(Beginning of Records to use)

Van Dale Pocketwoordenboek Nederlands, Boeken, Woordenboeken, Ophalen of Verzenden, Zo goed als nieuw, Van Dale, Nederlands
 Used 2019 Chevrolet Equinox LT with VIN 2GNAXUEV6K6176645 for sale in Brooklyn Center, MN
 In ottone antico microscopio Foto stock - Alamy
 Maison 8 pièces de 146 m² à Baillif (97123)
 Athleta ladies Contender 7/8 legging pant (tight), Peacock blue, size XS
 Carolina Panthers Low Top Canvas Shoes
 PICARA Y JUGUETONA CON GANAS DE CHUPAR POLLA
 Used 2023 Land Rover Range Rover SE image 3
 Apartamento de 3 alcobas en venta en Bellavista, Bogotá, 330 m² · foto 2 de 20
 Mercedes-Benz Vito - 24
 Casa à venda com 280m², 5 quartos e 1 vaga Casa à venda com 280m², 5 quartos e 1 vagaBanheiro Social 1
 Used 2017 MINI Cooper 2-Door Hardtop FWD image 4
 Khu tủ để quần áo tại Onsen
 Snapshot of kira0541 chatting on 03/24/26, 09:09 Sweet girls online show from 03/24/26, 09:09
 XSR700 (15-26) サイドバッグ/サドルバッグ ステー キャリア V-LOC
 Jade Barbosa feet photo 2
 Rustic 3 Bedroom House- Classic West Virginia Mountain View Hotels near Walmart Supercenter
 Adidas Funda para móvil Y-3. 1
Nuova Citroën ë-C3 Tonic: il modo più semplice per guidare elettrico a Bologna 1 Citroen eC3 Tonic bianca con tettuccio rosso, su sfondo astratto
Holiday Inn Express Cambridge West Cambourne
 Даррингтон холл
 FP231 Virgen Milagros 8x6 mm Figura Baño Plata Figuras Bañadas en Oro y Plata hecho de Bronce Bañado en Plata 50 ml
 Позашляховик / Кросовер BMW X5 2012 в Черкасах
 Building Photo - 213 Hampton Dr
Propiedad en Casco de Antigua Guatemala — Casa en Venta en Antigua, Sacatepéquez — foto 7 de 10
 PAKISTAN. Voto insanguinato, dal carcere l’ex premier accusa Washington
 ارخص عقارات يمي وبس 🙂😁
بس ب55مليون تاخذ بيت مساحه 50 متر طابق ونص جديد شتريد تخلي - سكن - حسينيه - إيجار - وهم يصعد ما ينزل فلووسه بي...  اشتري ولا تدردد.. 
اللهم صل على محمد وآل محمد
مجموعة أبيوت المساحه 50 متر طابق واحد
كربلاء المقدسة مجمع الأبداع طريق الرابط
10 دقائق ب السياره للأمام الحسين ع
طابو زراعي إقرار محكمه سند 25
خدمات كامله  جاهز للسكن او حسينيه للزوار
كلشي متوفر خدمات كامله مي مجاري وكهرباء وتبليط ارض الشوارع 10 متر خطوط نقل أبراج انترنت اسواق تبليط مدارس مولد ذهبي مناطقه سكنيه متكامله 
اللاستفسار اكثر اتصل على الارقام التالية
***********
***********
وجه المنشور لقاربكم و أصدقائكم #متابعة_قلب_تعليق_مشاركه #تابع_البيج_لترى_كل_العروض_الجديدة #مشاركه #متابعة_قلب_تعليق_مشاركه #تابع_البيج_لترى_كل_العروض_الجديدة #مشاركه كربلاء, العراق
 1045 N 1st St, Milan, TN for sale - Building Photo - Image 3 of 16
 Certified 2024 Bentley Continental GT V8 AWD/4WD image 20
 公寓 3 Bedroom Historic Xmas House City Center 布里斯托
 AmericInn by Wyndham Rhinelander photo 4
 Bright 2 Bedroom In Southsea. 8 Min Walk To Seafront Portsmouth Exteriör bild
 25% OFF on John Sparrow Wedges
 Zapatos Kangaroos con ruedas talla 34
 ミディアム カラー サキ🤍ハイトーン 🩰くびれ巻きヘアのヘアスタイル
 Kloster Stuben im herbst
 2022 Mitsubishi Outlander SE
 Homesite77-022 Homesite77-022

(End of Records to use)

*Required work*
Every record shown above should appear again in your answer, unchanged.

*Written reply*
Van Dale Pocketwoordenboek Nederlands, Boeken, Woordenboeken, Ophalen of Verzenden, Zo goed als nieuw, Van Dale, Nederlands
 Used 2019 Chevrolet Equinox LT with VIN 2GNAXUEV6K6176645 for sale in Brooklyn Center, MN
 In ottone antico microscopio Foto stock - Alamy
 Maison 8 pièces de 146 m² à Baillif (97123)
 Athleta ladies Contender 7/8 legging pant (tight), Peacock blue, size XS
 Carolina Panthers Low Top Canvas Shoes
 PICARA Y JUGUETONA CON GANAS DE CHUPAR POLLA
 Used 2023 Land Rover Range Rover SE image 3
 Apartamento de 3 alcobas en venta en Bellavista, Bogotá, 330 m² · foto 2 de 20
 Mercedes-Benz Vito - 24
 Casa à venda com 280m², 5 quartos e 1 vaga Casa à venda com 280m², 5 quartos e 1 vagaBanheiro Social 1
 Used 2017 MINI Cooper 2-Door Hardtop FWD image 4
 Khu tủ để quần áo tại Onsen
 Snapshot of kira0541 chatting on 03/24/26, 09:09 Sweet girls online show from 03/24/26, 09:09
 XSR700 (15-26) サイドバッグ/サドルバッグ ステー キャリア V-LOC
 Jade Barbosa feet photo 2
 Rustic 3 Bedroom House- Classic West Virginia Mountain View Hotels near Walmart Supercenter
 Adidas Funda para móvil Y-3. 1
Nuova Citroën ë-C3 Tonic: il modo più semplice per guidare elettrico a Bologna 1 Citroen eC3 Tonic bianca con tettuccio rosso, su sfondo astratto
Holiday Inn Express Cambridge West Cambourne
 Даррингтон холл
 FP231 Virgen Milagros 8x6 mm Figura Baño Plata Figuras Bañadas en Oro y Plata hecho de Bronce Bañado en Plata 50 ml
 Позашляховик / Кросовер BMW X5 2012 в Черкасах
 Building Photo - 213 Hampton Dr
Propiedad en Casco de Antigua Guatemala — Casa en Venta en Antigua, Sacatepéquez — foto 7 de 10
 PAKISTAN. Voto insanguinato, dal carcere l’ex premier accusa Washington
 ارخص عقارات يمي وبس 🙂😁
بس ب55مليون تاخذ بيت مساحه 50 متر طابق ونص جديد شتريد تخلي - سكن - حسينيه - إيجار - وهم يصعد ما ينزل فلووسه بي...  اشتري ولا تدردد.. 
اللهم صل على محمد وآل محمد
مجموعة أبيوت المساحه 50 متر طابق واحد
كربلاء المقدسة مجمع الأبداع طريق الرابط
10 دقائق ب السياره للأمام الحسين ع
طابو زراعي إقرار محكمه سند 25
خدمات كامله  جاهز للسكن او حسينيه للزوار
كلشي متوفر خدمات كامله مي مجاري وكهرباء وتبليط ارض الشوارع 10 متر خطوط نقل أبراج انترنت اسواق تبليط مدارس مولد ذهبي مناطقه سكنيه متكامله 
اللاستفسار اكثر اتصل على الارقام التالية
***********
***********
وجه المنشور لقاربكم و أصدقائكم #متابعة_قلب_تعليق_مشاركه #تابع_البيج_لترى_كل_العروض_الجديدة #مشاركه #متابعة_قلب_تعليق_مشاركه #تابع_البيج_لترى_كل_العروض_الجديدة #مشاركه كربلاء, العراق
 1045 N 1st St, Milan, TN for sale - Building Photo - Image 3 of 16
 Certified 2024 Bentley Continental GT V8 AWD/4WD image 20
 公寓 3 Bedroom Historic Xmas House City Center 布里斯托
 AmericInn by Wyndham Rhinelander photo 4
 Bright 2 Bedroom In Southsea. 8 Min Walk To Seafront Portsmouth Exteriör bild
 25% OFF on John Sparrow Wedges
 Zapatos Kangaroos con ruedas talla 34
 ミディアム カラー サキ🤍ハイトーン 🩰くびれ巻きヘアのヘアスタイル
 Kloster Stuben im herbst
 2022 Mitsubishi Outlander SE
 Homesite77-022 Homesite77-022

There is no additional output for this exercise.